I wanted to highlight the many ways that we prioritize animal welfare and our animals’ quality of life on our small, family farm. Where industrial systems are designed to maximize profit and treat the animals as a commodity, we keep a close eye on our cows and prioritize their well-being. We believe that our farm is a complete system and that by carefully tending to our land and animals, we can avoid many issues that plague larger farms.


This doesn’t mean that our way is devoid of difficult choices. While the cow can’t talk to us, we spend enough time with our animals to know when the humane and hard decisions are the same. As we balance the pain with the joy, new life with the loss of life, it is so tempting to wish for it all to hurt a little less - for us to call our cows by numbers and not learn their personalities, friendships, and habits. But I think that depersonalizing the cows - by giving them numbers and managing them through a computer - is where big dairy goes wrong. We ask our animals to provide for us, and not caring about them deeply in return would be heartless. The moment that it stops hurting when we lose a cow is the moment we need to stop farming.
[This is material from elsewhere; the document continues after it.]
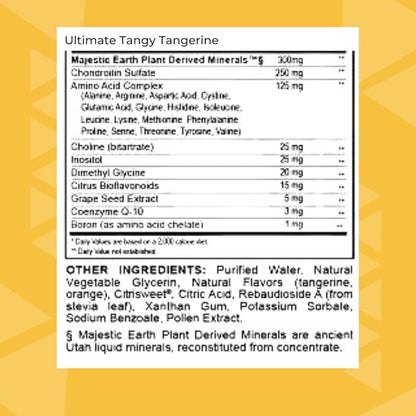 Youngevity Essential 90 Pak - Ultimate All-in-One Multivitamin Combo - Ultimate Tangy Tangerine + Ultimate EFA - 90 Essential Vitamins, Minerals, Amino Acids, Fatty Acids (30 Servings)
If our hearts don’t break when they pass, we don’t care enough.


The choice to stay small is at the core of our farm. We believe our animals are intrinsically valuable and not just interchangeable food-producing widgets. Staying small allows us to know and honor each animal truly. Whether it is humoring Spruce with extra head scratches or making sure that Donkey gets her special bucket of water, being able to give individualized attention to each cow is so important to us.


In the name of animal welfare, we also do some things that are a little unconventional for our industry. Watching new life be born into the world is so profound. We tend to take a relaxed approach to birth — letting our Mama cows have their babies on pasture and intervening only in the rare instance they need help — and calf rearing. We keep our calves with a group of nurse cows. While raising calves with their moms breaks a cardinal rule of dairy farming, we discovered that it works well for us and that our calves grow faster and do better than when separated. Our nurse cows seem to relish their roles. We love our animals and want to do right by them.